--- START ---

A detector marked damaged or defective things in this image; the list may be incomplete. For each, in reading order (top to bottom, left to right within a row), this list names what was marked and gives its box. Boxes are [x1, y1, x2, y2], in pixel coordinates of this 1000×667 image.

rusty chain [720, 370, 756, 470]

--- END ---
--- START ---

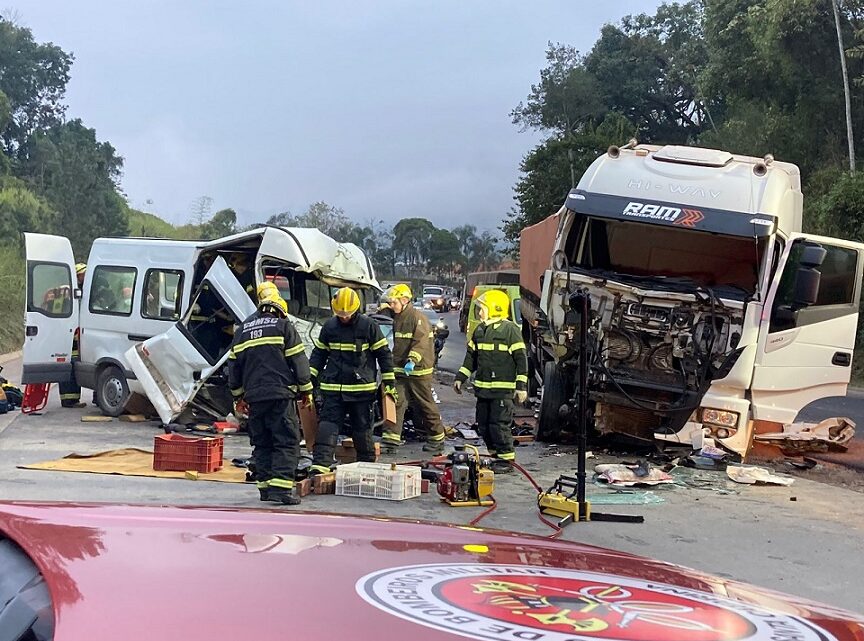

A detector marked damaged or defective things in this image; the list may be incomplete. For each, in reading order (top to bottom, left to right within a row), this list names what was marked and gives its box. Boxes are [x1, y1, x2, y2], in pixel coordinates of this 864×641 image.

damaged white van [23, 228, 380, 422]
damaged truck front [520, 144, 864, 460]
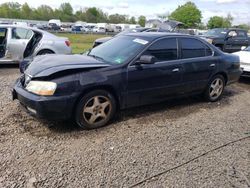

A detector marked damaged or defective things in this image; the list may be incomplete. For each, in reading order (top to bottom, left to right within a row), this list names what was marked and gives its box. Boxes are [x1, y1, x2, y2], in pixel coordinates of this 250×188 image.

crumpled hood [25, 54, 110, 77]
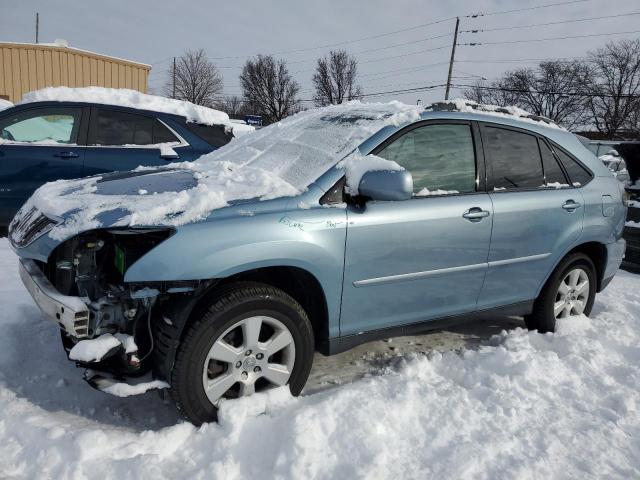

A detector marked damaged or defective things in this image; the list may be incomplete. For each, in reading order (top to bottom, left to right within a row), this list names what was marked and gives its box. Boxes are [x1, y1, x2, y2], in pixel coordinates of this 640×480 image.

--- END ---
--- START ---

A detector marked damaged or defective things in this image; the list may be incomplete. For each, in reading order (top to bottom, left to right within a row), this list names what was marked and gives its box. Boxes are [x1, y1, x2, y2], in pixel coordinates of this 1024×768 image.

--- END ---

Exercise instructions: The data above holds the lines to copy: start at the one with "this 250×188 image.", stop at the one with "this 640×480 image.", include both, copy them exactly without pictures, and copy nothing else.

Reply:
A detector marked damaged or defective things in this image; the list may be incomplete. For each, in reading order (top to bottom, left to right within a row), this list names what was marked and gives its box. Boxes are [x1, y1, x2, y2], in pixel coordinates of this 250×188 image.

crumpled hood [25, 54, 110, 77]

A detector marked damaged or defective things in this image; the list may be incomplete. For each, in reading order (top to bottom, left to right within a row), this list names what was marked and gives its box. Boxes are [x1, y1, x2, y2], in pixel coordinates of this 640×480 image.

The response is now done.